## DATA SUPPLIED
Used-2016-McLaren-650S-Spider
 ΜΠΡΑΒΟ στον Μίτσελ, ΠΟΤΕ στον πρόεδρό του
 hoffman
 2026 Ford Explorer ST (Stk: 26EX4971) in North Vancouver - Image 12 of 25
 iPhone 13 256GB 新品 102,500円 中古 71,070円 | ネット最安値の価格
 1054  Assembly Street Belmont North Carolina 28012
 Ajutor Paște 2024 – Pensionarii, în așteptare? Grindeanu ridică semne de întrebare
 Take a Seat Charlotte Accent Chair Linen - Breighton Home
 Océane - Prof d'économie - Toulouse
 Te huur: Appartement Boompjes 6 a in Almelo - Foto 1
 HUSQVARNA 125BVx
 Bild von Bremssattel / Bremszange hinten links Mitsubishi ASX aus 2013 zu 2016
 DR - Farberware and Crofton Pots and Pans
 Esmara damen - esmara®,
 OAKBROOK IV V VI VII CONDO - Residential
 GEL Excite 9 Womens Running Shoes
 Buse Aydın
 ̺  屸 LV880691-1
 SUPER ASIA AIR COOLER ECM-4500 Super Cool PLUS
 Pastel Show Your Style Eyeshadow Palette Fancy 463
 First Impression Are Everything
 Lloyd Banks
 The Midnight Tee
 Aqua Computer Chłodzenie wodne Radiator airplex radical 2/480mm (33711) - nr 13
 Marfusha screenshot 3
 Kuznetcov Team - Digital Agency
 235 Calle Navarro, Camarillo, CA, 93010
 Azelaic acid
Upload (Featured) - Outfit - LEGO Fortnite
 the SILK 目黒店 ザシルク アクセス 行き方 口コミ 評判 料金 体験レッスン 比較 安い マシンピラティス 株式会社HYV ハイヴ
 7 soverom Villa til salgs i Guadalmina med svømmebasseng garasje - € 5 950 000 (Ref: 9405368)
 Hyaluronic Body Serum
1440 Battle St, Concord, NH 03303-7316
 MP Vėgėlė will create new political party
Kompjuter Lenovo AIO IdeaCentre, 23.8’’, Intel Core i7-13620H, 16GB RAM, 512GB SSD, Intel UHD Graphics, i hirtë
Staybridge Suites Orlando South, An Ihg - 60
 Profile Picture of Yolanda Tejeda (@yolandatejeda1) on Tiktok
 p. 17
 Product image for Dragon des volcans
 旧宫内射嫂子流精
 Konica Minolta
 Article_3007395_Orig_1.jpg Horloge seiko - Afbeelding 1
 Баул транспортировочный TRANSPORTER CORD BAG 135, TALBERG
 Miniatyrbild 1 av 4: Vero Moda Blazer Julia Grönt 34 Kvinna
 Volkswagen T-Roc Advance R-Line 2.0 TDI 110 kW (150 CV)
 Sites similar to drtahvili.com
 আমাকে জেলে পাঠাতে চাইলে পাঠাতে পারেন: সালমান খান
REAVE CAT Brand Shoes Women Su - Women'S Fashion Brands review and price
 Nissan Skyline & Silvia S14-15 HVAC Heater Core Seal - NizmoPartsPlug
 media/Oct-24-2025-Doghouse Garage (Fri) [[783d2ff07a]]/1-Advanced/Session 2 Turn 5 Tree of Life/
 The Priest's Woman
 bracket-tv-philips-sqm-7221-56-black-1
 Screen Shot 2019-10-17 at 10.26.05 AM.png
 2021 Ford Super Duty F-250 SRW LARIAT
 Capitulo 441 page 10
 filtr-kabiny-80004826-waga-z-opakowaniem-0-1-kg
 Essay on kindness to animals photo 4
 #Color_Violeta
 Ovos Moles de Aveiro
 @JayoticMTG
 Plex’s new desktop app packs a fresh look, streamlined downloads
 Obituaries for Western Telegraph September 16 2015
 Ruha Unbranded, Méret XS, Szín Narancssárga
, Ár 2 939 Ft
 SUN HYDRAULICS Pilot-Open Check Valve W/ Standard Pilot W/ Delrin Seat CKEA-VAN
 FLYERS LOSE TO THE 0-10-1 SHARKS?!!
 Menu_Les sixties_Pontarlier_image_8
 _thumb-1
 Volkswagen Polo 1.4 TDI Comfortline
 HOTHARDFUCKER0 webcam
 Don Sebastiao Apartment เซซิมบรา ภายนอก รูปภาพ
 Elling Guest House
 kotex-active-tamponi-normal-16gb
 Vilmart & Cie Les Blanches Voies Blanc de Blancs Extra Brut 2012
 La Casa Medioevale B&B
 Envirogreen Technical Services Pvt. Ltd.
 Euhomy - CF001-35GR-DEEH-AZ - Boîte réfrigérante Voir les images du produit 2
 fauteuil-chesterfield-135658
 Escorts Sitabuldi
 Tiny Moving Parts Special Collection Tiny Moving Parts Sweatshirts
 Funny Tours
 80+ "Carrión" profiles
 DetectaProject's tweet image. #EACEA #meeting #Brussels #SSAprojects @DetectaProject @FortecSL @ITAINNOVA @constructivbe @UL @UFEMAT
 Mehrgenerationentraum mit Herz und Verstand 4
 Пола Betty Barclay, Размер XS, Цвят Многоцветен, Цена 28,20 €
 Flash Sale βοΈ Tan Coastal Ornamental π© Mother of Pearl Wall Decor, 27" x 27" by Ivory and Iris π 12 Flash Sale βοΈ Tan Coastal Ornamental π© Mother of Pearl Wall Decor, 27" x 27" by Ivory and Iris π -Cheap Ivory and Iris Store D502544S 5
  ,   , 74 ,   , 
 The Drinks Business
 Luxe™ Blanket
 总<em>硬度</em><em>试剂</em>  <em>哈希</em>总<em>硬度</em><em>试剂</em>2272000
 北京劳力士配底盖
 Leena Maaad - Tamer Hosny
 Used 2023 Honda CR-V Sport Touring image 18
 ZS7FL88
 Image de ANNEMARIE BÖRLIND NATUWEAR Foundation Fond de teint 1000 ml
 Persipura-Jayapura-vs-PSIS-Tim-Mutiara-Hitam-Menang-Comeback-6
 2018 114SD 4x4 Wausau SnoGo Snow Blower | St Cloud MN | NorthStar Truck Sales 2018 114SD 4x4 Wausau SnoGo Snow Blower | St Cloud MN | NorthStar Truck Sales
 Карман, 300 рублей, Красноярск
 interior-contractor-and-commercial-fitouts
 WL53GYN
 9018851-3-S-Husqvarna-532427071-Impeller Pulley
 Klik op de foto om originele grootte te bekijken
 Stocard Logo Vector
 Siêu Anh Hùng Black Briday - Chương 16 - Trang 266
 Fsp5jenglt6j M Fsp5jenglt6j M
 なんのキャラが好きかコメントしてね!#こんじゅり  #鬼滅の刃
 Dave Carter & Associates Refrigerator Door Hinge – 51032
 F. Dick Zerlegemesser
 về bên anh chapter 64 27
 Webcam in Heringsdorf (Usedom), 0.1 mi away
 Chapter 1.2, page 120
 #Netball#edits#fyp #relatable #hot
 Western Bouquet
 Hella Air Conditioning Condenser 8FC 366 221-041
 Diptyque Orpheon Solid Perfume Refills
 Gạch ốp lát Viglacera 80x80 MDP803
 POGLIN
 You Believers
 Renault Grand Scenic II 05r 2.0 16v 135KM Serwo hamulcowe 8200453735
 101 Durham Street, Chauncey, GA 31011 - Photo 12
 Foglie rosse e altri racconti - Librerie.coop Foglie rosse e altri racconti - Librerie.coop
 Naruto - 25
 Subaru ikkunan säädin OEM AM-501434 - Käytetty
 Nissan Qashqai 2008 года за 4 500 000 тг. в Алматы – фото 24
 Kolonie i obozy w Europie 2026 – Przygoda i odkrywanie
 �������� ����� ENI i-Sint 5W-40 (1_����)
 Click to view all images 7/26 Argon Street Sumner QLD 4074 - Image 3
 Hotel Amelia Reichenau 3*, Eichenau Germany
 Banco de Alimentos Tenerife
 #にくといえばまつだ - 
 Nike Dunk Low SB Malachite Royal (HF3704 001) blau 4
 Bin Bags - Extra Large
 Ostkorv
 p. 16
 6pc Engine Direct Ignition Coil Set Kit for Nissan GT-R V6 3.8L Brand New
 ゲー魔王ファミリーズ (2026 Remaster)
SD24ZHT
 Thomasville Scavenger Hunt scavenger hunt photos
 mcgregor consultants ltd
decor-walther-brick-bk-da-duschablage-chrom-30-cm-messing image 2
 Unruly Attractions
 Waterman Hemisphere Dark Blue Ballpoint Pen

## PROBLEM DETAILS
Scan the material above and copy every line that holds the string "Street".

## ANSWER AREA
 1054  Assembly Street Belmont North Carolina 28012
 101 Durham Street, Chauncey, GA 31011 - Photo 12
 Click to view all images 7/26 Argon Street Sumner QLD 4074 - Image 3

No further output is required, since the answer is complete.